If Barbara Stanwyck was the Queen B of film noir (as she was dubbed in an iconic issue of Film Comment), Ida Lupino was its tough cookie, a beauty with brass and a dame who knew the score. She was a romantic heroine who could hold her own against the brawny heroes and rough villains of Warner Bros. crime movies without losing her sexiness or her independence. And she was arguably at her best when directed by Raoul Walsh, who made her a mad femme fatale in They Drive By Night (1940) before bringing out her potential as a scuffed survivor with a true heart in High Sierra (1941), their third film together and her first real signature performance as the modern Lupino. They reunited for their fourth and final collaboration in 1947 with a a refreshingly mature film rich with stories of frustrated lives, unrequited loves and tough times just getting by in the world without selling your soul.

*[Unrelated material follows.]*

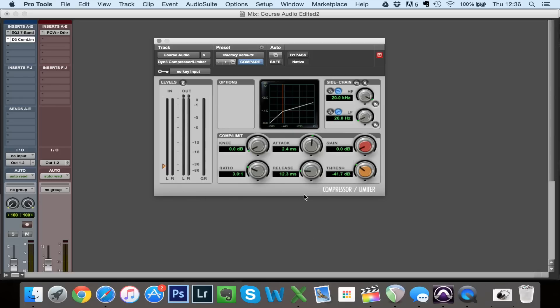So now that we've got our settings — ratio around 3 to 1 — and we can clearly hear what's going on, I'm going to bring back the threshold. In this final play I'm going to tweak the threshold, the ratio, the attack and the release a tiny bit until I find what sounds good. Towards the end I'm also going to bring up the gain so that the output gain matches the input gain.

It may be stretching definitions to call The Man I Love a true film noir—it’s not a crime film per se, though it is far more than a typical melodrama, thanks in large part to the strong, tough direction of Raoul Walsh, and for all the nocturnal lives it lacks the shadowy style that informs the genre. Yet this 1947 film, set in the post-war era of swank nightclubs and the seedy types they attract, is seeped in the post-war sensibility and it gives Lupino the confidence and control and narrative command usually reserved for men. Lupino’s calloused heroine is a New York chanteuse who goes home to Los Angeles to see her family: a married sister with a child and a soldier husband in the hospital for shellshock, a sweet younger sister infatuated with the married man next door and a cocky brother who sees his future as a hired thug for sleazy nightclub lothario Robert Alda. Lupino knows her way around the octopus hands of night club operators and puts herself between Alda and her family to save their innocence from the urban corruption that threatens to seep into their lives.